### WHAT YOU SHOULD DO
The whole listing is to be written out again exactly; the pictures are not.

### DATA FOR PROCESSING
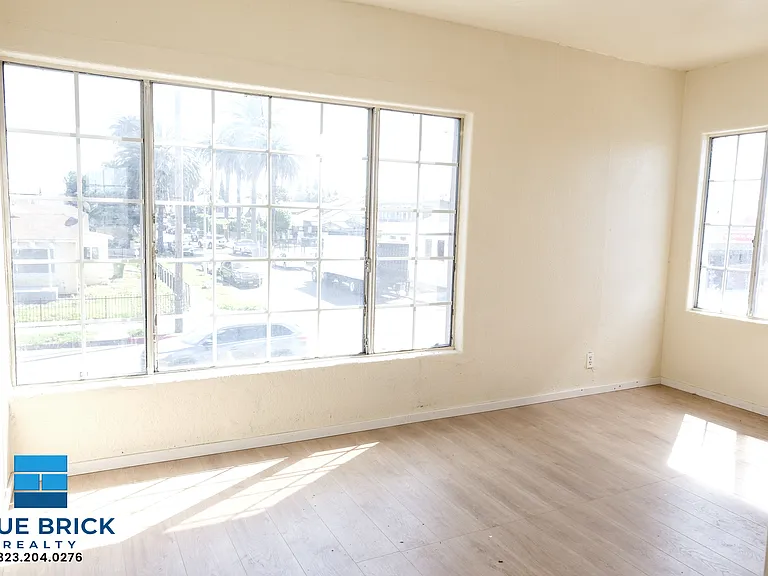 1401 W 53rd St — Photo 11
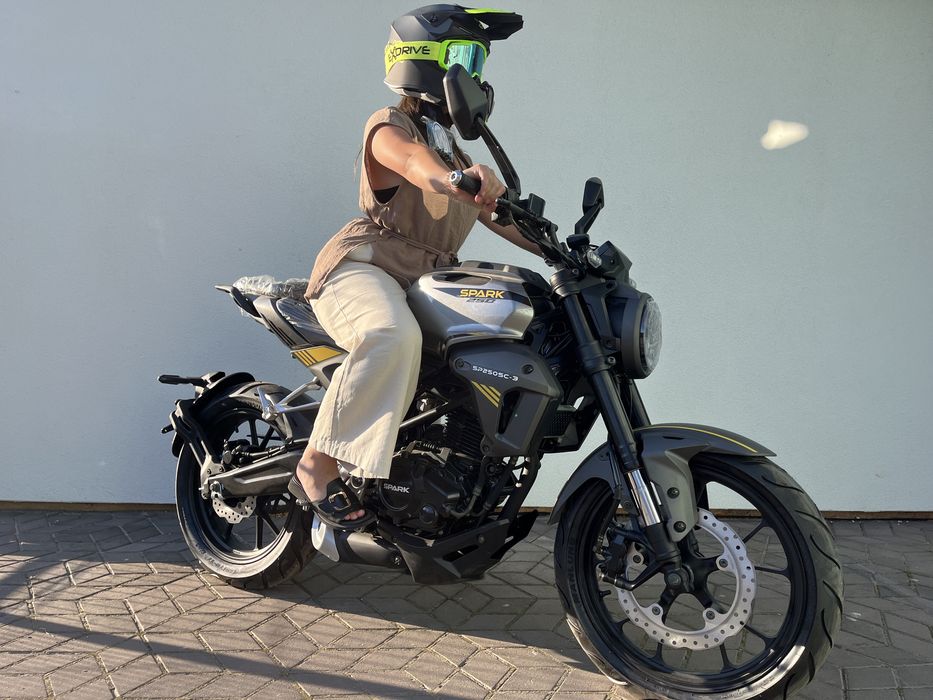 Мотоцикл Spark SP250SC-3 Scrambler 250 cc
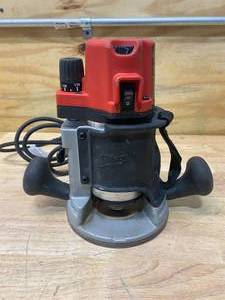 lot 11 image: MILWAUKEE 2-14 Max HP EVS BodyGrip Router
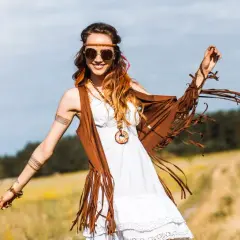 Stylizacje z kamizelką z frędzlami: 10 modnych inspiracji na każdą okazję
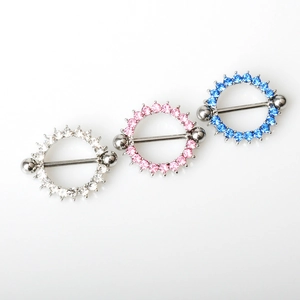 Tres piercings de pezón en acero con marcos redondos de cristales blancos rosas y azules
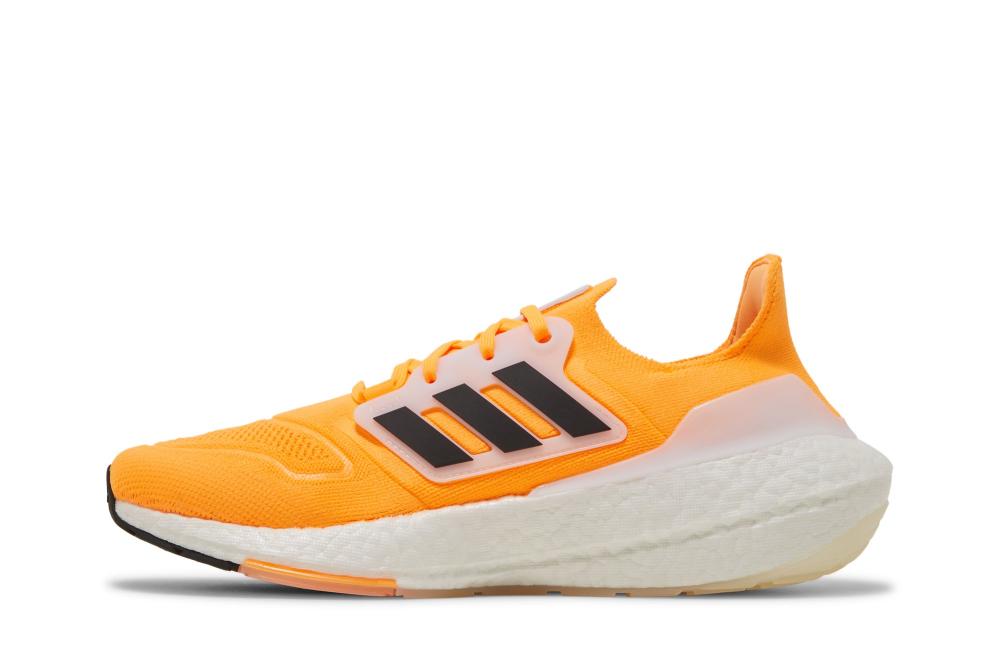UltraBoost 22 'Flash Orange'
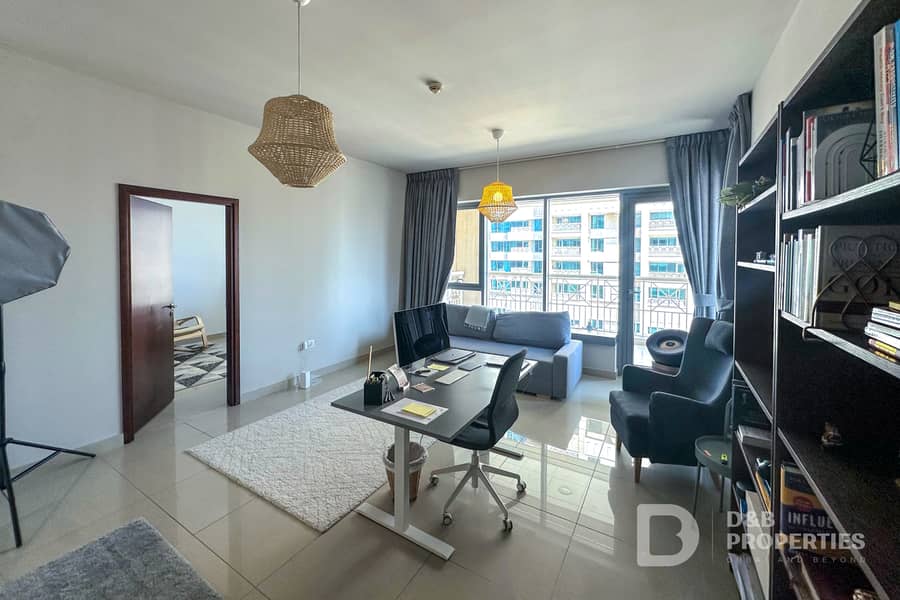 Mid Floor | Fountain View | Unfurnished Mid Floor | Fountain View | Unfurnished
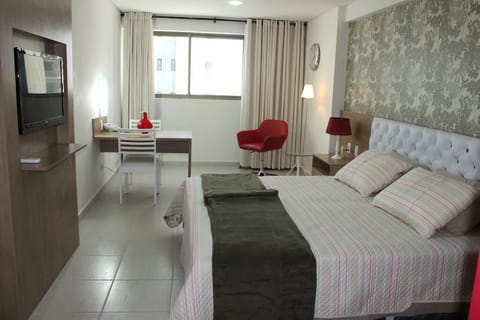 Deluxe Double or Twin Room | Minibar, free WiFi, bed sheets, wheelchair access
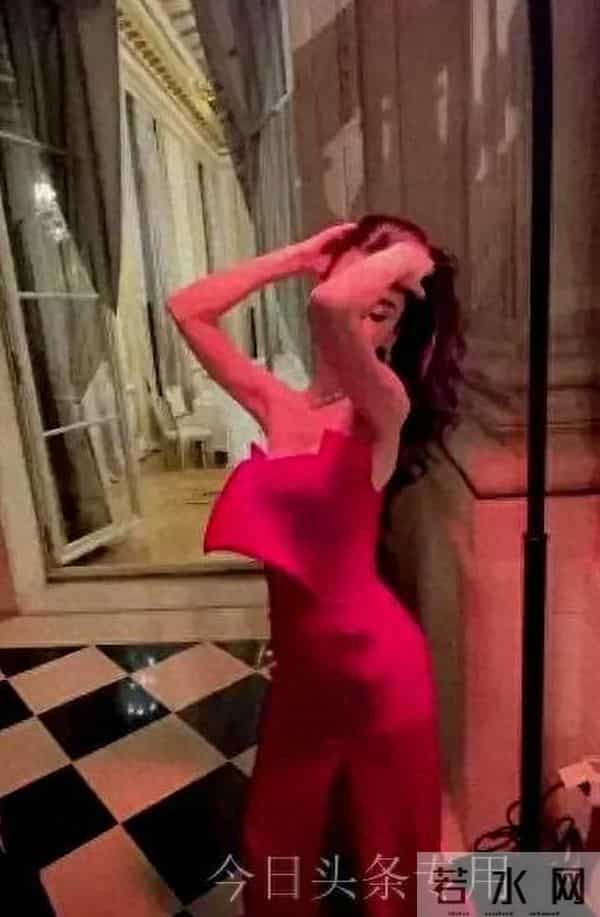 热搜Angelababy杨颖大尺度不雅照被泄露,评论区再次沦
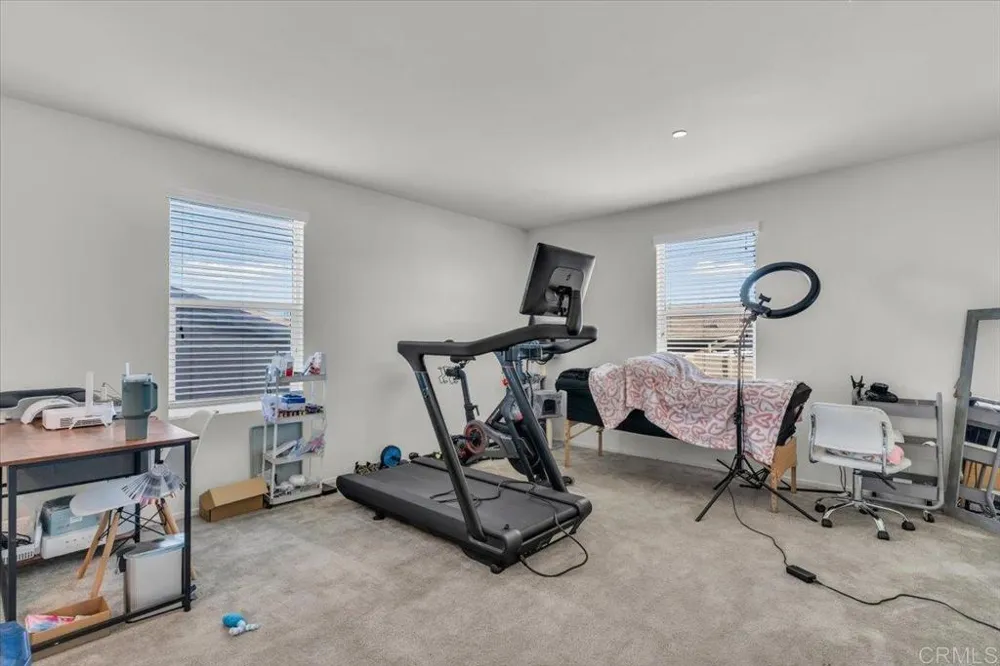 14361 Pioneer Way Victorville, CA 92394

### WORKED SOLUTION
 1401 W 53rd St — Photo 11
 Мотоцикл Spark SP250SC-3 Scrambler 250 cc
 lot 11 image: MILWAUKEE 2-14 Max HP EVS BodyGrip Router
 Stylizacje z kamizelką z frędzlami: 10 modnych inspiracji na każdą okazję
 Tres piercings de pezón en acero con marcos redondos de cristales blancos rosas y azules
UltraBoost 22 'Flash Orange'
 Mid Floor | Fountain View | Unfurnished Mid Floor | Fountain View | Unfurnished
 Deluxe Double or Twin Room | Minibar, free WiFi, bed sheets, wheelchair access
 热搜Angelababy杨颖大尺度不雅照被泄露,评论区再次沦
 14361 Pioneer Way Victorville, CA 92394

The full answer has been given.